Dans un contexte marqué par des manouvres des partisans de la présidente Arroyo pour réviser la Constitution, les évêques dénoncent toute action “hâtive” visant à réformer les institutions

Publié le 18/03/2010




“Cha cha”. Tel est le dernier mot à la mode dans les cercles politiques philippins. L’expression renvoie à “Charter change synonyme de révision constitutionnelle, et a provoqué de vives réactions de l’épiscopat catholique du pays. Le 8 décembre dernier, le président de la Conférence épiscopale, Mgr Angel Lagdameo, archevêque de Jaro, a déclaré que les évêques appelaient à des “manifestations de prières” pour s’opposer à ce qu’ils ont qualifié de manouvre “frauduleusement illégitime” et “scandaleusement immorale”.

L’affaire concerne un projet de la présidente des Philippines, Gloria Macapagal Arroyo, qui souhaite transformer, par un amendement à la Constitution, l’architecture du pouvoir législatif, en faisant évoluer les institutions actuelles d’un système bicaméral, organisé selon le schéma américain, à un système parlementaire monocaméral. Derrière l’évolution constitutionnelle proposée, les adversaires de la présidente voient une manouvre visant à lui permettre de se maintenir au pouvoir au-delà du terme de son présent mandat, qui se termine en 2010.

Le 7 décembre à l’aube, après douze heures de débats, les membres de la Chambre des représentants ont voté à une large majorité (161 voix pour et 25 contre) une résolution visant à modifier la Constitution des Philippines, votée en 1987. En substance, cette résolution permettrait à la Chambre des représentants, contrôlée par les partisans de la présidente Arroyo, de se transformer en Assemblée constituante, sans que ses décisions ne soient soumises au vote du Sénat, aujourd’hui contrôlé par les opposants à Gloria Arroyo. Selon le speaker de la Chambre des représentants, Jose de Venecia Jr., les Philippines “ont besoin de réformes structurelles de fonds pour combattre la pauvreté et accélérer la modernisation de l’économie face à une mondialisation de plus en plus rapide”. Le même jour, la présidente Arroyo a nommé le nouveau président de la Cour suprême. Pour ses opposants, cette nomination intervient afin de donner, à la Cour, une majorité susceptible de soutenir les changements en cours.

Pour les partisans de la présidente, une telle réforme mettrait fin aux blocages nés de l’opposition actuelle entre le Sénat et la Chambre des représentants.
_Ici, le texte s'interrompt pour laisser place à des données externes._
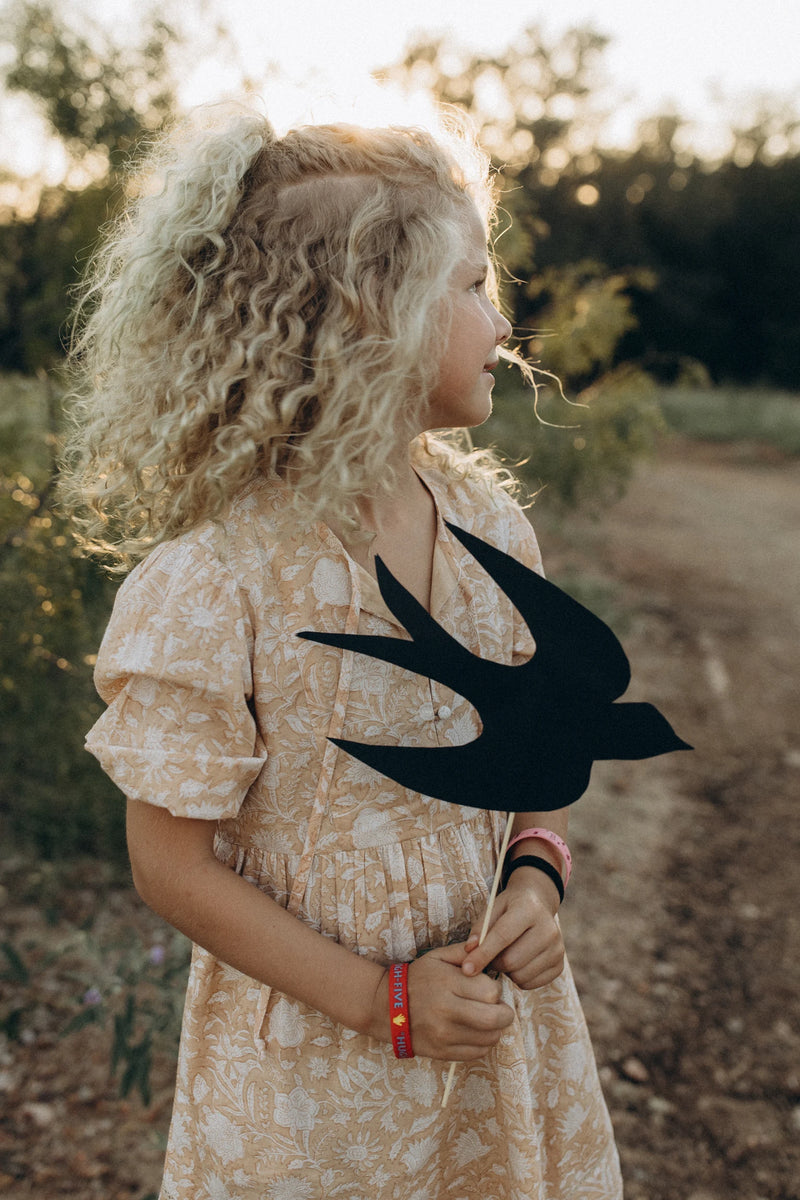 Leona Girls Dress : Golden Turmeric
Pour les critiques de ce changement, les mesures envisagées ne consistent ni plus ni moins qu’à permettre à la présidente d’asseoir son pouvoir au-delà de l’échéance de 2010. A cette date, le nouvel équilibre des pouvoirs lui permettrait de rester aux affaires en prenant le poste de Premier ministre.

Pour les responsables de l’Eglise catholique, l’urgence à laquelle fait face le pays n’est pas de nature constitutionnelle. Lors de leur assemblée plénière du mois de juillet dernier (1), ils ont réitéré ce qu’ils avaient dit six mois plus tôt, à savoir que “certains aspects de notre Constitution peuvent appeler à des amendements et à des retouches mais qu’en tant qu’évêques, ils n’apportaient “pas leur soutien à des efforts hâtifs visant à changer la Loi fondamentale du pays sans mener une vaste consultation et un large débat que de tels changements nécessitent”. L’urgence se situe du côté du respect des valeurs morales dans la vie politique du pays, ont plaidé les évêques (2).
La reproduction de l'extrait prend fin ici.